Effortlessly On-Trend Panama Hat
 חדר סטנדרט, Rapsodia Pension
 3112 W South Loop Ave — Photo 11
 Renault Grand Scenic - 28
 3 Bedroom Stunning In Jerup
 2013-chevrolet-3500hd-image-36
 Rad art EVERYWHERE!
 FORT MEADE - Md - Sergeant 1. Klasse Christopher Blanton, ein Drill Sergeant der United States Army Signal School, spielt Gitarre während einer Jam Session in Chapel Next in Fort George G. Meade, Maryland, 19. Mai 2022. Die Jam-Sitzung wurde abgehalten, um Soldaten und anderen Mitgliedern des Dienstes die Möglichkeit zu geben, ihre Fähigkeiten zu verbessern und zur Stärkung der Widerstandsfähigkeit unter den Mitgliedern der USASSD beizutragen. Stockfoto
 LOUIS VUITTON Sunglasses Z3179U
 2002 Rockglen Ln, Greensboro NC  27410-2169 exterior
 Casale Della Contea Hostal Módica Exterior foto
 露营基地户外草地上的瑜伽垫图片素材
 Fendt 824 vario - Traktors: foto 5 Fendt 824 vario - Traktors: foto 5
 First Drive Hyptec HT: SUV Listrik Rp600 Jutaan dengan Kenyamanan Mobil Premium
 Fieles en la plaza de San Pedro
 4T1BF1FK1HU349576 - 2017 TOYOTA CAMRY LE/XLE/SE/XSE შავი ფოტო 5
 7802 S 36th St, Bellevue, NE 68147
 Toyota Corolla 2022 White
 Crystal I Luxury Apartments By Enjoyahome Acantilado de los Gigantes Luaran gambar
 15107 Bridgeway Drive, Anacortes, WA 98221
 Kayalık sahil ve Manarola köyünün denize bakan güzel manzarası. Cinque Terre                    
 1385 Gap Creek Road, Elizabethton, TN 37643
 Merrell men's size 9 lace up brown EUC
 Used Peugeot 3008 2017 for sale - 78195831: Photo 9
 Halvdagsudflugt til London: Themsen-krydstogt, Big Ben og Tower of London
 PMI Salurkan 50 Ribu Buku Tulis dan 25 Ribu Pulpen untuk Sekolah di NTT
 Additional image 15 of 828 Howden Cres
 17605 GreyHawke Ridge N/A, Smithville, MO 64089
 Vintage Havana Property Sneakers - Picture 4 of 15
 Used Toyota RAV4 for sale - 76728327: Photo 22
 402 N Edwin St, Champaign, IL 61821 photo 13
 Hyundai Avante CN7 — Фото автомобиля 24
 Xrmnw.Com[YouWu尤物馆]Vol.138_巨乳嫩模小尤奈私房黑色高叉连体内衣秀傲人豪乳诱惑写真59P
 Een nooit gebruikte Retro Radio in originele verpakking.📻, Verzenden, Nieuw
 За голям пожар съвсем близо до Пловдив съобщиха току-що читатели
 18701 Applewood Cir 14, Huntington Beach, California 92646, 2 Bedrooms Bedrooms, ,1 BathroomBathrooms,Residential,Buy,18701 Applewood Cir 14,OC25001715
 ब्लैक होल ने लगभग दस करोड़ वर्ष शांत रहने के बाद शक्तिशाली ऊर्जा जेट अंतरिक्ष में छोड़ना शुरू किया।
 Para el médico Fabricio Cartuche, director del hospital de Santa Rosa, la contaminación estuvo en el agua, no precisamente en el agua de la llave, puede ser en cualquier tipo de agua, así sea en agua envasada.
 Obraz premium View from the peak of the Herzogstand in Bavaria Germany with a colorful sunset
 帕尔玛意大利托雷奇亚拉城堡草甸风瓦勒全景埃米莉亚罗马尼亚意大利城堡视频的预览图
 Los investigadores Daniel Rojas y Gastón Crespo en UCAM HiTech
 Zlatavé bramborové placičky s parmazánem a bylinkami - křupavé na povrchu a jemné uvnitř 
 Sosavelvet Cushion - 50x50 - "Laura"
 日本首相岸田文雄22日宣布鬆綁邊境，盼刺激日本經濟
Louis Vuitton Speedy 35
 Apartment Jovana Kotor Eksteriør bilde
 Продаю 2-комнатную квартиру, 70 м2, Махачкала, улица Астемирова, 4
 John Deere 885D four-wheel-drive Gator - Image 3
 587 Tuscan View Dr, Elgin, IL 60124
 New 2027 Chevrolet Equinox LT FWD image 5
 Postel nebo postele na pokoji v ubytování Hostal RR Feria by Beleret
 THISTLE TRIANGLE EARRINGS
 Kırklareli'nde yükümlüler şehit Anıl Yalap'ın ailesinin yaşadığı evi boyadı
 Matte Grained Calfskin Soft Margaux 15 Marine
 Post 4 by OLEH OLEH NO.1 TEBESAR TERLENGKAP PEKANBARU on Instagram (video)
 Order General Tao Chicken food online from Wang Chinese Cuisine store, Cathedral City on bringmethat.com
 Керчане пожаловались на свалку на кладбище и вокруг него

Instructions to follow
Once you reach the line that contains "Obraz premium View", transcribe it and all remaining lines of the listing exactly; skip everything before it.

Solution to this exercise
 Obraz premium View from the peak of the Herzogstand in Bavaria Germany with a colorful sunset
 帕尔玛意大利托雷奇亚拉城堡草甸风瓦勒全景埃米莉亚罗马尼亚意大利城堡视频的预览图
 Los investigadores Daniel Rojas y Gastón Crespo en UCAM HiTech
 Zlatavé bramborové placičky s parmazánem a bylinkami - křupavé na povrchu a jemné uvnitř 
 Sosavelvet Cushion - 50x50 - "Laura"
 日本首相岸田文雄22日宣布鬆綁邊境，盼刺激日本經濟
Louis Vuitton Speedy 35
 Apartment Jovana Kotor Eksteriør bilde
 Продаю 2-комнатную квартиру, 70 м2, Махачкала, улица Астемирова, 4
 John Deere 885D four-wheel-drive Gator - Image 3
 587 Tuscan View Dr, Elgin, IL 60124
 New 2027 Chevrolet Equinox LT FWD image 5
 Postel nebo postele na pokoji v ubytování Hostal RR Feria by Beleret
 THISTLE TRIANGLE EARRINGS
 Kırklareli'nde yükümlüler şehit Anıl Yalap'ın ailesinin yaşadığı evi boyadı
 Matte Grained Calfskin Soft Margaux 15 Marine
 Post 4 by OLEH OLEH NO.1 TEBESAR TERLENGKAP PEKANBARU on Instagram (video)
 Order General Tao Chicken food online from Wang Chinese Cuisine store, Cathedral City on bringmethat.com
 Керчане пожаловались на свалку на кладбище и вокруг него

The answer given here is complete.